Los Angeles, CA–“We had met at a [domestic violence] shelter in the city and gave support to each other. She [was] arrested three years into the relationship for trying to kill me by choking me.”–Claudia, lesbian victim of domestic violence
We’ve previously discussed the prevalence of domestic violence in lesbian relationships and how the domestic violence establishment denies or minimizes this inconvenient truth. To learn more, see my blog post Conference Report: Violence is more common in lesbian relationships than in heterosexual ones.
The following is an incident narrative from the report LESBIAN, GAY. BISEXUAL AND TRANSGENDER DOMESTIC VIOLENCE IN THE UNITED STATES IN 2006 put out by the National Coalition of Anti-Violence Programs.

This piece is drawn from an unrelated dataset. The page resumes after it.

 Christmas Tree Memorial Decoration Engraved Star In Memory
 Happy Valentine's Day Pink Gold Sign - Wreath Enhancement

There is a very interesting part of Claudia’s narrative. Claudia is a lesbian victim of domestic violence. Apparently at the time she was abused, a couple of her children were teenage boys. She wanted to get away from her lesbian abuser but it was difficult, in part because the domestic violence shelters wouldn’t allow her teen boys to come with her.

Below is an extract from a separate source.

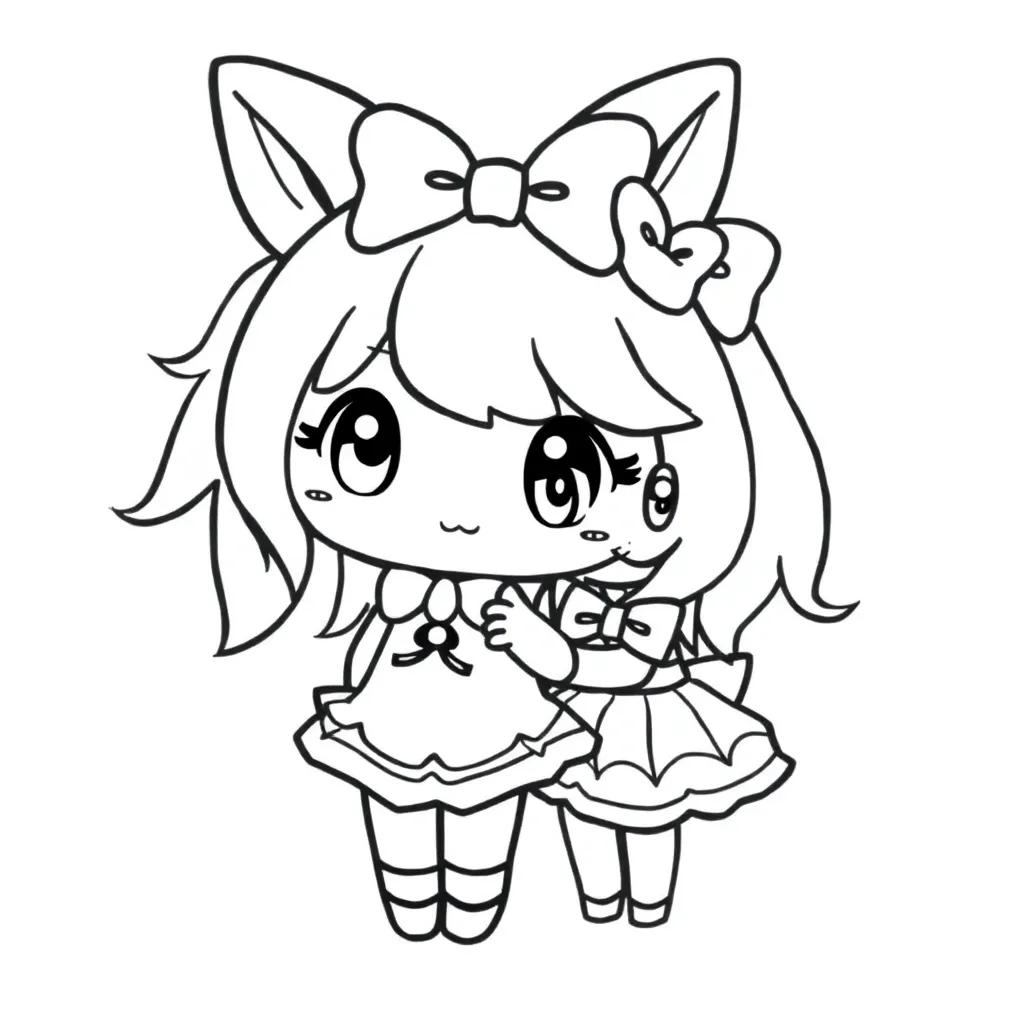 Kuromi And Cinnamoroll Coloring Pages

Get it? Here the violence is woman on woman, yet the domestic violence industry is so fixated on “only men abuse” that this DV victim couldn’t get shelter from her female abuser because she was the mother of boys.
Claudia, 42, female, Latina, HIV +, lesbian, urban
My name is Claudia. I’m forty two years old and HIV positive. I have six children in my care; they are from twelve to twenty-one years of age. My oldest has an 11 month old baby boy. I first heard of AVP [Anti-Violence Program] when they did domestic violence training at the agency I work at.

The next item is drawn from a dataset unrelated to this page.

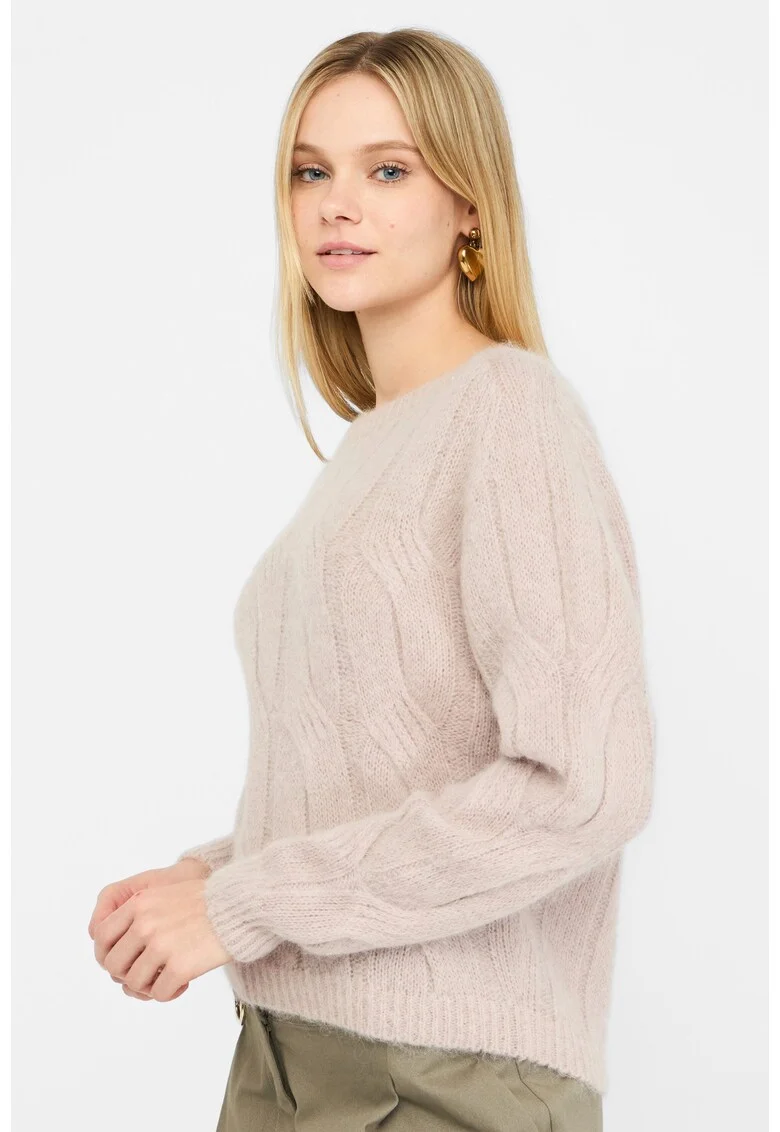 Pulover din amestec de lana alpaca, Roz deschis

I was in a ten-year relationship with my partner. We had met at a shelter in the city and gave support to each other. She had been arrested three years into the relationship for trying to kill me by choking me. She was arrested and spent time in jail. I had an order of protection but it ran out. After she completed her sentence she made contact with me and begged me to take her back. I thought things had changed and she’d learned her lesson. But soon after she moved in she began to carry on with the same controlling routine.
One night when I came home she was waiting for me in our bedroom. She told me that she did not want me working anymore because it was taking time away from her, and if I did not stop she would hurt my children. She also said that she had a gun. I was not going to go through that again and my tolerance ended when she threatened my kids.
I contacted AVP to see how they could help me. AVP advised me to come into their office and sign releases so we could call the necessary agencies, and my job. We did a lot of safety planning for me and my children and called ACS. Because the threats were verbal and I was willing to report them to the police, ACS thought that the case didn’t require its services.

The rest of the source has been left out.